Title: Advertising Executive Killed by Mail Bomb at N.J. Home
Subtitle: Mysterious Package Explodes on Opening
Topic: news stories
Date: December 11, 1994
Source: <washingtonpost.com>

A top Madison Avenue advertising executive was killed in his New Jersey home yesterday when a booby-trapped package exploded as he opened it.

Thomas Mosser, 50, was recently named executive vice president and general manager of Young & Rubicam Inc. Worldwide, one of the largest ad agencies in the world.

Authorities could not immediately determine a motive for the death, Essex County Prosecutor Clifford Minor said last night. There was no indication the executive was involved in any criminal activities, or that any threats had been made against him or his family, Minor said.

Police said that when the explosion occurred at about 10:45 a.m., Mosser was in the kitchen of his two-story hilltop home in North Caldwell in a heavily wooded, Essex County community.

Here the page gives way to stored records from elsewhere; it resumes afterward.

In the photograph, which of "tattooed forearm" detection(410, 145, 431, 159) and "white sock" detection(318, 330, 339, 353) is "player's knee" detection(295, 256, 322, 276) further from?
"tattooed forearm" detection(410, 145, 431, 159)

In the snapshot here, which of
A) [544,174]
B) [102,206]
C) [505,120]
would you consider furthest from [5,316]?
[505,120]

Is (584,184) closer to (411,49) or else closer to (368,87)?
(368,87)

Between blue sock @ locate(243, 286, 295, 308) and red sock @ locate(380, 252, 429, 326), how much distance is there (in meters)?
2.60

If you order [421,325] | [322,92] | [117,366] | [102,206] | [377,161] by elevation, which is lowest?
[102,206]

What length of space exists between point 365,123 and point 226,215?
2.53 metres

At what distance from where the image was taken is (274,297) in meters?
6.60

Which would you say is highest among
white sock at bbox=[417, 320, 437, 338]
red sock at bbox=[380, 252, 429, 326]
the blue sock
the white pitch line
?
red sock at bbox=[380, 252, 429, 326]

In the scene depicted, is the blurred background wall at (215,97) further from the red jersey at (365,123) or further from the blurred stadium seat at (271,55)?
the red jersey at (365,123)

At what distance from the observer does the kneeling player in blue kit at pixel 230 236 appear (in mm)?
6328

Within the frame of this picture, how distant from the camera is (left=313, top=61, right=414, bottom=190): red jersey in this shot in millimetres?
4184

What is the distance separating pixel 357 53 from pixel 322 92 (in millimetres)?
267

Mosser’s wife, Susan, and his two children, ages 13 years and 15 months, were also in the house but were not injured, police said. The kitchen was heavily damaged.

Sources said the distraught Susan Mosser was concerned that the attack could be related to her husband’s business, particularly to his recent promotion.

Officials were checking for possible links to other unsolved bombings, including a series of attacks targeting college professors and scientists mostly in the 1970s and 1980s, sources said. Earlier this year, ABC President Robert Iger was the target of two attempted letter-bomb attacks.

One investigator said Mosser’s 13-year-old described the package that exploded as being “about the size of a compact disc.”

Postal inspectors said an attempt had been made to deliver the parcel two days earlier, but delivery could not be made because it would not fit through the mail slot. Minor said the explosion occurred when Mosser opened the package. Investigators did not describe the type of explosive used.

Neighbors said Mosser had returned home late Friday night after a business trip.

The search for clues involved agents of the FBI, the federal Bureau of Alcohol, Tobacco and Firearms, the Essex County sheriff’s bomb squad, local police and an explosive-sniffing dog that New York police used to search the Manhattan headquarters of Young & Rubicam.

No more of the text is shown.